How do you foresee the growth of ICT use cases impacting NEC's multidisciplinary areas of research?
We aim not just to be a technology-driven lab but to be a problem-driven lab. As the ICT industry needs to evolve, we also evolve the research program that we have to remove key barriers and allow us to open new markets.
My personal view is that we’re going to see this automation and optimization covering a wide range of areas. And that’s what’s going to drive a lot of what we’re doing in the networking and hardware ICT side.
We’re also doing a lot of work around natural language task automation. If you look at where AI systems have been deployed to date, the tasks that they’re doing don’t necessarily remove a large number of the routine tasks where we’re applying a lot of resources right now.

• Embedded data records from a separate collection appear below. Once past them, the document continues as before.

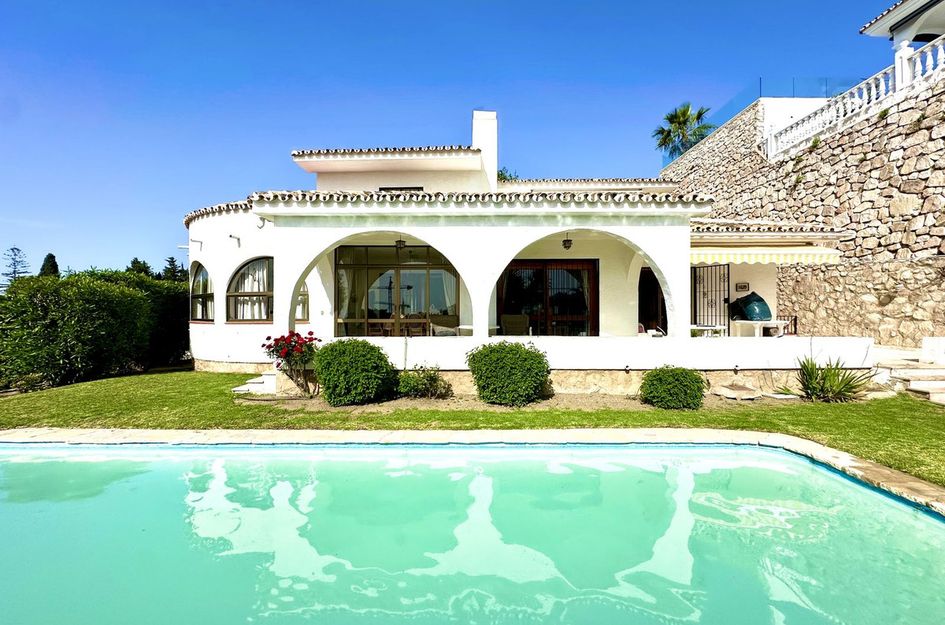 Villa in Benalmádena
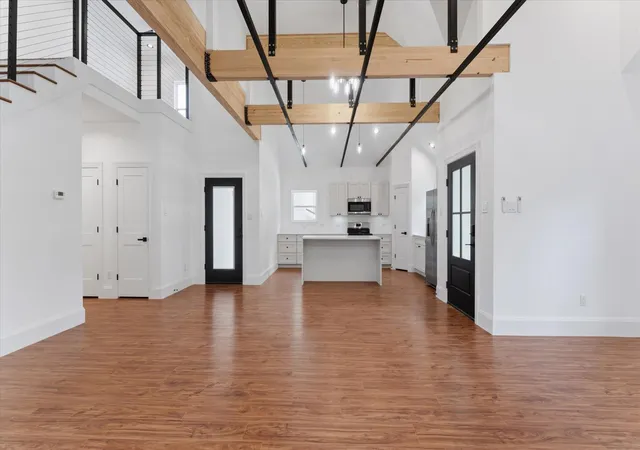 Photo 4 of Single family home for sale at 10802 Fairview Dr, Conroe, TX 77385 | MLS# 40763924 | Listing updated on 2026-09-06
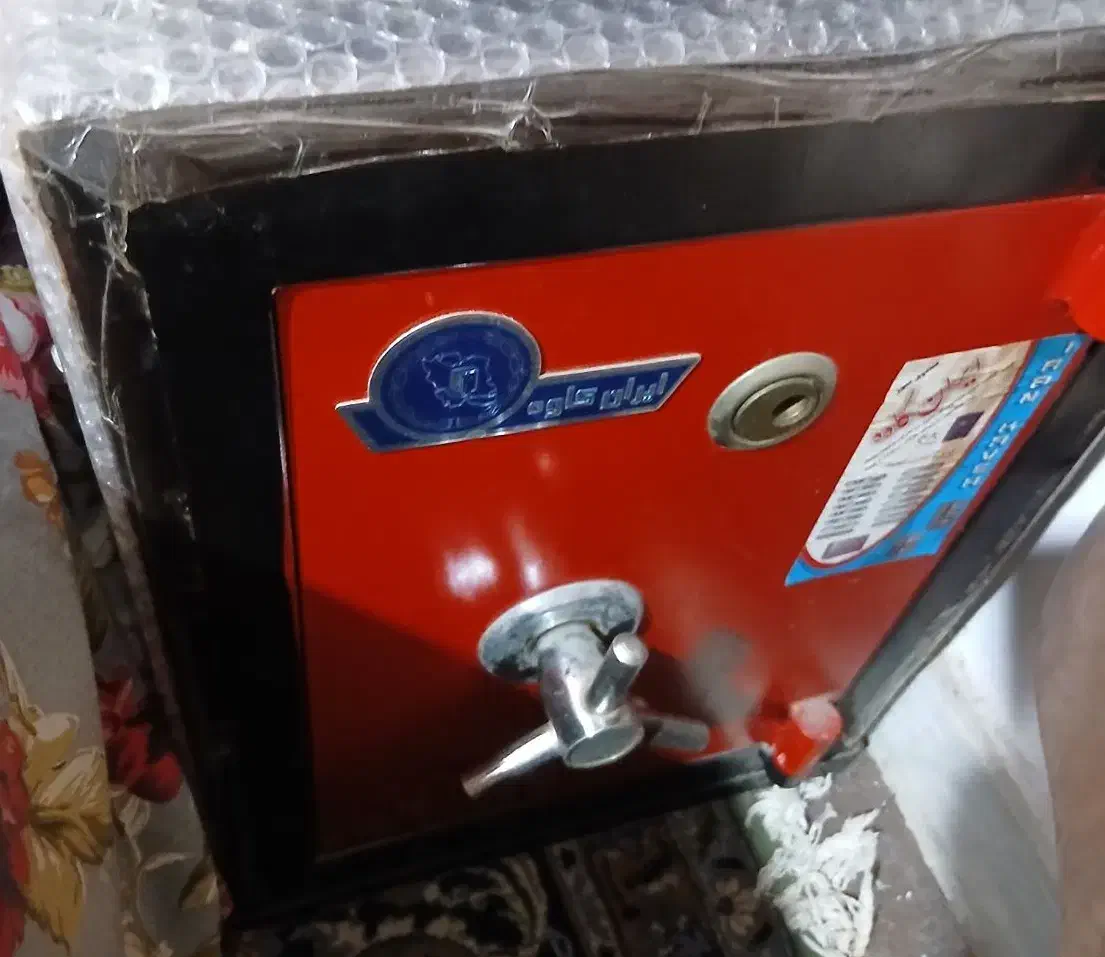 گاو صندوق|ابزارآلات|رشت, یخسازی|دیوار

For example, governments are actually getting more documents, and they need more people to process those documents and move them through the system. This is a form of digitization, which the world has started to do over the past twenty years. They key is not just digitization but digital representation.
Instead of having a digital clone of what we have in the physical world, what’s necessary is to go beyond simple digitization and find a better representation of that information. That’s what natural language processing does. It takes a 100-page document and breaks it down into a set of features that we can use to actually optimize tasks and make decisions.
If you need to read 100 emails, a system that actually breaks that down and provides which emails to read first and which are for later is a game changer. That’s the kind of trivial optimization, the next layer of understanding, that’s not yet here but sits close on the horizon.
Considering human augmentation, even just enabling a human to be 10% more efficient at making decisions, finding documents, or reading emails would be a huge efficiency gain when done globally.
In line with this, we’re evolving for collaboration between humans and machines, or rather humans and the world. The world being adaptive is a collaborative process.
Delivering distributed, collaborative, trusted, and private work is a key research task. Bringing all the pieces — network and people — together should be done in a way that allows us to trust what the system is going to do, at a rate of speed. If the system is designed well, they can solve a task faster than each of them individually.
But in reality, coordinating people together is hard and can slow down productivity. Hence, depending on the type of task and method, you can either gain or lose tremendously from collaborative efforts. There’s a lot of work that needs to happen on that space to understand, at a more fundamental level, on which problems can be solved among collaborators.
How do you plan to continue delivering high-impact, problem-driven research to generate new and up-to-date information and innovative solutions?
I hope that we’re on the right trajectory now of what we’re doing. What we do inside NEC is work shoulder-to-shoulder with our business units, defining a vision for the future. In that conversation with them and their customers, we will find where the key challenges are.
Knowing the right problem is half the battle to doing good research. We’re going to take those problems and we’ll go back to our manifesto: smart people, hard problems, magic happens.
We’re going to collaborate broadly, working across all the global NEC Labs to give us a perspective from different countries. We have PhD researchers trained across a wide variety of disciplines, so we have the expertise to bring in when collaborating with academia and universities.
We draw in a wide range of both new and existing talents from the universities who may be focused on more profound topics. We become the coupling agent between the problems that come from our business units and the cutting-edge academic research that could hopefully bring solutions to disrupt, create new markets and make the world a better place for all of us.